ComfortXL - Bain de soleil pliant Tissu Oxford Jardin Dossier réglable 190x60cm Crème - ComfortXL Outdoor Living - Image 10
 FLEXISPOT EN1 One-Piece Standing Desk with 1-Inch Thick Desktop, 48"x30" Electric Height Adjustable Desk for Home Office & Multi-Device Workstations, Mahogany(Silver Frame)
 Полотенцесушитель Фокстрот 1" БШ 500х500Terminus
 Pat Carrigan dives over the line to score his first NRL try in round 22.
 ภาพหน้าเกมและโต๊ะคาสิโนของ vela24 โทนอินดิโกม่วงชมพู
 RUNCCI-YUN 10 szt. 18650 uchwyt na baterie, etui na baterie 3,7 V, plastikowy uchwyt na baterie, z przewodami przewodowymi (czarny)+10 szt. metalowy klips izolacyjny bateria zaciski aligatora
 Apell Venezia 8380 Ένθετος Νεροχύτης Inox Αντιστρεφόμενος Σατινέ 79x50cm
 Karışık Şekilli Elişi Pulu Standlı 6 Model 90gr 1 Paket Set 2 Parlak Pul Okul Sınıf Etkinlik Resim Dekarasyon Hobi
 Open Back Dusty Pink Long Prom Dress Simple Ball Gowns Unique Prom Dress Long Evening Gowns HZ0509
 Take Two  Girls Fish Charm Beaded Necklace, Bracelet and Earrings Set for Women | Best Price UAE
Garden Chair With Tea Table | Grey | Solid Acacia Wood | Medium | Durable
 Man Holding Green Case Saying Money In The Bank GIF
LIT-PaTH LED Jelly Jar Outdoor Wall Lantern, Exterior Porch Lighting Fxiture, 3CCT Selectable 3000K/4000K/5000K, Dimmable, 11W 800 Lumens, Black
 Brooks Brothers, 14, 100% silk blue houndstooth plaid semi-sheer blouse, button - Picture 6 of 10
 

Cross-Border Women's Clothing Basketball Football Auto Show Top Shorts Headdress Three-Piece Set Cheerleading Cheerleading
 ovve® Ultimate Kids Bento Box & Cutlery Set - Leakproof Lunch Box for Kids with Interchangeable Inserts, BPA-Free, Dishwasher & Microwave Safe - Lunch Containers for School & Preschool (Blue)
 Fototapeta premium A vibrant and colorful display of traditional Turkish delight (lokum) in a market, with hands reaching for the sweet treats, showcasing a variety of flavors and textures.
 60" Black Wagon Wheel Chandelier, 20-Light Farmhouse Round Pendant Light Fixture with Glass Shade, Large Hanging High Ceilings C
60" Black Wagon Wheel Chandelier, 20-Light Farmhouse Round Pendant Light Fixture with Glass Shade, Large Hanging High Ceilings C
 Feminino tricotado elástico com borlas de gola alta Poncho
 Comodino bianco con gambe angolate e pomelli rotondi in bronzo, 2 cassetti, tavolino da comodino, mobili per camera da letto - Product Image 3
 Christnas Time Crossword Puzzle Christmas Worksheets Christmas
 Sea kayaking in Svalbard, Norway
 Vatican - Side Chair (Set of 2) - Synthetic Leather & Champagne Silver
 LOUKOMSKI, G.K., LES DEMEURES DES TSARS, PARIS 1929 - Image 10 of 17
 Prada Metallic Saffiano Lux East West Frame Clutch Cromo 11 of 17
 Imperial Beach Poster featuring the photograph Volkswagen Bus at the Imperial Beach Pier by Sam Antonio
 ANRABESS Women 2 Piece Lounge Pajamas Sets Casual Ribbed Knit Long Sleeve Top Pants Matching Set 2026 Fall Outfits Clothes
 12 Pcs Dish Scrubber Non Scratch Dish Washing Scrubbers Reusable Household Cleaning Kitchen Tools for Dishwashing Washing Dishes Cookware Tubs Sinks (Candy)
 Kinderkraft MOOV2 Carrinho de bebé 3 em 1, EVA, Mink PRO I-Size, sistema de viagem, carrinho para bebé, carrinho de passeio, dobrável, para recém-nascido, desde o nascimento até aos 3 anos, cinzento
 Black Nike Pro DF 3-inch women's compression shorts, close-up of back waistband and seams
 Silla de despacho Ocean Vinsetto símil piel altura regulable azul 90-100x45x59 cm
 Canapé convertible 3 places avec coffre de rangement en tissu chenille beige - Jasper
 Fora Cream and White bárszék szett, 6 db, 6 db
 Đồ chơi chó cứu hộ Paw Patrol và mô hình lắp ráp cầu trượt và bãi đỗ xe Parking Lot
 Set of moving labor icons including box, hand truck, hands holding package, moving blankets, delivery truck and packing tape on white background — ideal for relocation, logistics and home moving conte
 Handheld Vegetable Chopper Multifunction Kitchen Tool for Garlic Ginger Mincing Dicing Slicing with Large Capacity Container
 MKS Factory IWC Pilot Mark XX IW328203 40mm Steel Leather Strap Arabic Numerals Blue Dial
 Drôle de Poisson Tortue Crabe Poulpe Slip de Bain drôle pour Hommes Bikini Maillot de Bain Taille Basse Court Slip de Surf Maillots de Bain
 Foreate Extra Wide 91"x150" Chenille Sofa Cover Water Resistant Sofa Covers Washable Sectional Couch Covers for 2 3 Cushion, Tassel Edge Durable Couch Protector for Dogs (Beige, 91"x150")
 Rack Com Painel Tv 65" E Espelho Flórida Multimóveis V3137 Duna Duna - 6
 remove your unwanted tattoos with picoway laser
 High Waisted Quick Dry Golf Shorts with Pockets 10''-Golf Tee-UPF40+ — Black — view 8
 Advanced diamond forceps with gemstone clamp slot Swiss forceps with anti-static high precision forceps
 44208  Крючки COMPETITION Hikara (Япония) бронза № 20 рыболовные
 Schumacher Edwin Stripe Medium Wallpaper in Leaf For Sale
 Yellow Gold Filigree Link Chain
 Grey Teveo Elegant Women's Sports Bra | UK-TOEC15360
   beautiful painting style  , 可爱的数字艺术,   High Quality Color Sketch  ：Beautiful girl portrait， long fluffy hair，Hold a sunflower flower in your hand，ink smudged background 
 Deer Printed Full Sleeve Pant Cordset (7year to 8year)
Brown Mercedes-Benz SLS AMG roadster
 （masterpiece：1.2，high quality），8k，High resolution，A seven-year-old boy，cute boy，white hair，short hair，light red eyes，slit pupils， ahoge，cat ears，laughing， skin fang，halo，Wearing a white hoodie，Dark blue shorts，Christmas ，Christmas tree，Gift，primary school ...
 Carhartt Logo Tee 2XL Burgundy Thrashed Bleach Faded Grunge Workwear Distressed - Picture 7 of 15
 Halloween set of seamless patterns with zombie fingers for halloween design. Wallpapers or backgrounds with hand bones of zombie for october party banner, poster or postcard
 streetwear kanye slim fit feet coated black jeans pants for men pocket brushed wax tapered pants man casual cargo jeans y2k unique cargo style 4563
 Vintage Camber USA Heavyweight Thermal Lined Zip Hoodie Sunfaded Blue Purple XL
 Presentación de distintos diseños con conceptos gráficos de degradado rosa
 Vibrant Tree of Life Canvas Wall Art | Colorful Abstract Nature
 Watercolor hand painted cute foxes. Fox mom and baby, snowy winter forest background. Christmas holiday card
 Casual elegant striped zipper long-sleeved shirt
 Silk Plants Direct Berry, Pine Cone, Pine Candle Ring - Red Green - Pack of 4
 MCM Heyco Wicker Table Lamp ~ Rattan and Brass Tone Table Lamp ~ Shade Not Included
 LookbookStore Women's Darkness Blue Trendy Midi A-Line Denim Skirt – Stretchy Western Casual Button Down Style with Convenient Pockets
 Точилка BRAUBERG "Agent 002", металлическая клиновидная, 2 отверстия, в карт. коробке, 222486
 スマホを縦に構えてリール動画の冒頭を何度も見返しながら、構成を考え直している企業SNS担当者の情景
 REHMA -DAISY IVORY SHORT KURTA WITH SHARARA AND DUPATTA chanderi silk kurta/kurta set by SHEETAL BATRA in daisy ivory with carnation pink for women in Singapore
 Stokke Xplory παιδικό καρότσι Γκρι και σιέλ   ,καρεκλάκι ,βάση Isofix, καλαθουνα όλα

Instructions to follow
All lines above from the one containing "beautiful painting style" to the one containing "Brown Mercedes-Benz SLS AMG roadster" must be repeated exactly, both lines included, and no others.

Result
   beautiful painting style  , 可爱的数字艺术,   High Quality Color Sketch  ：Beautiful girl portrait， long fluffy hair，Hold a sunflower flower in your hand，ink smudged background 
 Deer Printed Full Sleeve Pant Cordset (7year to 8year)
Brown Mercedes-Benz SLS AMG roadster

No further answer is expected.